- Input for this task
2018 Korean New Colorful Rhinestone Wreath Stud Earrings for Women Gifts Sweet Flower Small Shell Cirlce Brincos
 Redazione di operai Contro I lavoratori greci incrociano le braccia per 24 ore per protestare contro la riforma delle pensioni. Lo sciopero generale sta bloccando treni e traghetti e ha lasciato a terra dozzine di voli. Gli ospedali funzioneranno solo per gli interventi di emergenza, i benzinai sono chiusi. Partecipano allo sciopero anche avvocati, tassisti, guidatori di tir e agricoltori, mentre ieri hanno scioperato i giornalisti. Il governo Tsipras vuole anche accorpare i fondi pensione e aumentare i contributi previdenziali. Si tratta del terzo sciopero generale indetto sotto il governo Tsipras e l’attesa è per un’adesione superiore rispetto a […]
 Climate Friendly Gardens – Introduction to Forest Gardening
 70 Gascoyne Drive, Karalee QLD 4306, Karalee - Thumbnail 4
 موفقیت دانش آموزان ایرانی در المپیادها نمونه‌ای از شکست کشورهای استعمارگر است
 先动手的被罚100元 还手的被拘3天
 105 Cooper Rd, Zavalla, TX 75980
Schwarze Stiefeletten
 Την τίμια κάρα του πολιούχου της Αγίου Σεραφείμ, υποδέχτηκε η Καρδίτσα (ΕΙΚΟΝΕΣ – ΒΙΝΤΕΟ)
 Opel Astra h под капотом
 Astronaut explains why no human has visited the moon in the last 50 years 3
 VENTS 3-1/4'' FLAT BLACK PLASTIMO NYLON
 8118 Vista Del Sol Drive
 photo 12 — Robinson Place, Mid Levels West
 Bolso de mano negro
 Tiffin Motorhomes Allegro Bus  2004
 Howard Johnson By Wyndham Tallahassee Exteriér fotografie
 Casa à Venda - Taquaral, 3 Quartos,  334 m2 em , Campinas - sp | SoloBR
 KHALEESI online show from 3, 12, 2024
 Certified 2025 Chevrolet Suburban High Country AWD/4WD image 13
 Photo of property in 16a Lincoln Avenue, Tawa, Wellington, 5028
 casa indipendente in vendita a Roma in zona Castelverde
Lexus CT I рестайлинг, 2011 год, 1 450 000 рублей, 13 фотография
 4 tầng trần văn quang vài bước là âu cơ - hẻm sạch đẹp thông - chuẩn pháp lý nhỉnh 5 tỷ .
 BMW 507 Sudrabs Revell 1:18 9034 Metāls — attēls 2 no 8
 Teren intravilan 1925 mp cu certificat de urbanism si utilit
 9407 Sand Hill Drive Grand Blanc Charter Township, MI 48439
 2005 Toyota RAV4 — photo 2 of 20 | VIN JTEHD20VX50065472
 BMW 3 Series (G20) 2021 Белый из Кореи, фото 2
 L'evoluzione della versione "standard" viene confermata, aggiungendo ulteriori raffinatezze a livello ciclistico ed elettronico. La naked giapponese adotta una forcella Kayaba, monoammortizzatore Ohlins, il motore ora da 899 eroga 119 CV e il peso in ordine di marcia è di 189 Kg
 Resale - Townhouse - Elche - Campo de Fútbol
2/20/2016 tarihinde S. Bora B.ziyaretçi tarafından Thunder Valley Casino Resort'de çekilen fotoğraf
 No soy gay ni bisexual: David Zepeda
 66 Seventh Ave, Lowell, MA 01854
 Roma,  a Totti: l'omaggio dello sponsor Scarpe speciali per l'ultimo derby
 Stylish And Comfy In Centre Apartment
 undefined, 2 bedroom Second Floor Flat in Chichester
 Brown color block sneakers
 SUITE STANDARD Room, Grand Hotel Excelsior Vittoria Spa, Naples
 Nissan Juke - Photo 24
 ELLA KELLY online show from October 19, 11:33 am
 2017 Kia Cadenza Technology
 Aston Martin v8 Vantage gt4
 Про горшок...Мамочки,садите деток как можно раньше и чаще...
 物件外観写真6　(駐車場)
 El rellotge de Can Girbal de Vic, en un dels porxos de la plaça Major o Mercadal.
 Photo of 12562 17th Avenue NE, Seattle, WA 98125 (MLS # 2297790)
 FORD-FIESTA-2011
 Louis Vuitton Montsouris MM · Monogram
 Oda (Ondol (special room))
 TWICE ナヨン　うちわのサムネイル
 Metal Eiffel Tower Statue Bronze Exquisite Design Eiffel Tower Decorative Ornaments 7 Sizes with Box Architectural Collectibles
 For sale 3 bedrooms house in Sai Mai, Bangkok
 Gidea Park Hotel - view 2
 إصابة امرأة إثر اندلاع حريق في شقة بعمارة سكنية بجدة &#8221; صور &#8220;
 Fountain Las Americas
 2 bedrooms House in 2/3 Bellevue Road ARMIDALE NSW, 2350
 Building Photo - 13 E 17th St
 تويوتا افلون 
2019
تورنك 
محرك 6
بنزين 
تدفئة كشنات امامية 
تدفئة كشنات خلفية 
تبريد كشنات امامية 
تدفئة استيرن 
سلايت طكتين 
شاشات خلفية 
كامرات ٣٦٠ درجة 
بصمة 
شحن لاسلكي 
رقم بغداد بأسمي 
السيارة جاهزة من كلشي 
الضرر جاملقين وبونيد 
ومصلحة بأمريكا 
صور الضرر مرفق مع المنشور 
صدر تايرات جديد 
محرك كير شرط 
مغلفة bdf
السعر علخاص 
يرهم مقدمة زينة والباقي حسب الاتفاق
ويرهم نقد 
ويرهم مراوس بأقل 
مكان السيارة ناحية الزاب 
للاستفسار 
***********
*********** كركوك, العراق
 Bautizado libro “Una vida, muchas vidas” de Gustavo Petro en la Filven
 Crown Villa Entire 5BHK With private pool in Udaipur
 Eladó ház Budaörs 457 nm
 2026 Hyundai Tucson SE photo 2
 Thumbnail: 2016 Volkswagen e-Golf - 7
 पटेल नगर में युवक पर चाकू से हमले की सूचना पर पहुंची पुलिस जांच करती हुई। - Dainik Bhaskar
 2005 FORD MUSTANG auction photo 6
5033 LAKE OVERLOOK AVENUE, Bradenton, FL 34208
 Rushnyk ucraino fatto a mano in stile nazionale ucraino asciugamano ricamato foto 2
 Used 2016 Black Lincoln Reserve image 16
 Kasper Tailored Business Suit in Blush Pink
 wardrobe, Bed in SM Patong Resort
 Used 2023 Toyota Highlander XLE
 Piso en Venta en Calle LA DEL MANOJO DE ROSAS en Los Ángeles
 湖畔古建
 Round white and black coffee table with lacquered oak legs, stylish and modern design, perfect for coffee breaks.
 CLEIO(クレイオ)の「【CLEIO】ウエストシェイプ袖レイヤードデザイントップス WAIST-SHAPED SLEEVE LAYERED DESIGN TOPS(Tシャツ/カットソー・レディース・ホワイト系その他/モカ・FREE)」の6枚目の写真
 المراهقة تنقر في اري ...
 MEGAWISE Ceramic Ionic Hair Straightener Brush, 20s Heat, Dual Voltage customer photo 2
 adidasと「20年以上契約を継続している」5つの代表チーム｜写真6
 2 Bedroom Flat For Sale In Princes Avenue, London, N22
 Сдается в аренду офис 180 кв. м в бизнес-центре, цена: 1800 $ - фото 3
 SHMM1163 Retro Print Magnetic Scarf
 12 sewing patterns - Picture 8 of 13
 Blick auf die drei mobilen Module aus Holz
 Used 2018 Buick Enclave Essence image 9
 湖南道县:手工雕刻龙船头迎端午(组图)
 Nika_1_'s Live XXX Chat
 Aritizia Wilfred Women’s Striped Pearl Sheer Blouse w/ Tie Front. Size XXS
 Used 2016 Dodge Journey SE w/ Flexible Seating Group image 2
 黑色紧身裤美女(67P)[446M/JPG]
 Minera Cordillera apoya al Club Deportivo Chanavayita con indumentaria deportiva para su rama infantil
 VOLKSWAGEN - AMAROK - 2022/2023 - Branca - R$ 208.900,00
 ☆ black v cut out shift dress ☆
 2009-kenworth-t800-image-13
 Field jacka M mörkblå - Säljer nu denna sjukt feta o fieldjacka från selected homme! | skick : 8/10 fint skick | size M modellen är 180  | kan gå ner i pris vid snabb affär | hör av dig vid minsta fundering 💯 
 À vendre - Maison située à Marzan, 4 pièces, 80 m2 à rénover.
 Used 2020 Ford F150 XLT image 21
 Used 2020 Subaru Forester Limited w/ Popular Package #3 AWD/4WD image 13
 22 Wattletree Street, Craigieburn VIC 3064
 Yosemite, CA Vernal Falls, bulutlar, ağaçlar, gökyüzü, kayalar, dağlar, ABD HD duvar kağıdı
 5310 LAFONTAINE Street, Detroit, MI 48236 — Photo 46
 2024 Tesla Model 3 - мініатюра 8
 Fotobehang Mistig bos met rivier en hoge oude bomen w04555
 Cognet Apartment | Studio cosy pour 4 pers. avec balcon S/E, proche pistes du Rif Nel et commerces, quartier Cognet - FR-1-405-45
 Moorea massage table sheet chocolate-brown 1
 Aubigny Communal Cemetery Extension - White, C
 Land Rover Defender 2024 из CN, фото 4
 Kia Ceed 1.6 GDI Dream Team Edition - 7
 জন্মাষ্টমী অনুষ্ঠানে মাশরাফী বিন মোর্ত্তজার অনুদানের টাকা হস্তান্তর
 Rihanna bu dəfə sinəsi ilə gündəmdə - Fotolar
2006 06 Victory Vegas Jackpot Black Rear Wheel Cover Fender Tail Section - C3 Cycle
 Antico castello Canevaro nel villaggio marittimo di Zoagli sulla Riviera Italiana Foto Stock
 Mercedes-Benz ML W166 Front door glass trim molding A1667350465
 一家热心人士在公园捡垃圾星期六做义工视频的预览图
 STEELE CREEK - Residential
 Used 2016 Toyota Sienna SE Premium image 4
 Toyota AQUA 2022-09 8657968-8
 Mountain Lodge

- What you should do
Count lines, not occurrences: report how many lines in the entries above include the word "table", as a number alone.

- Your solution
2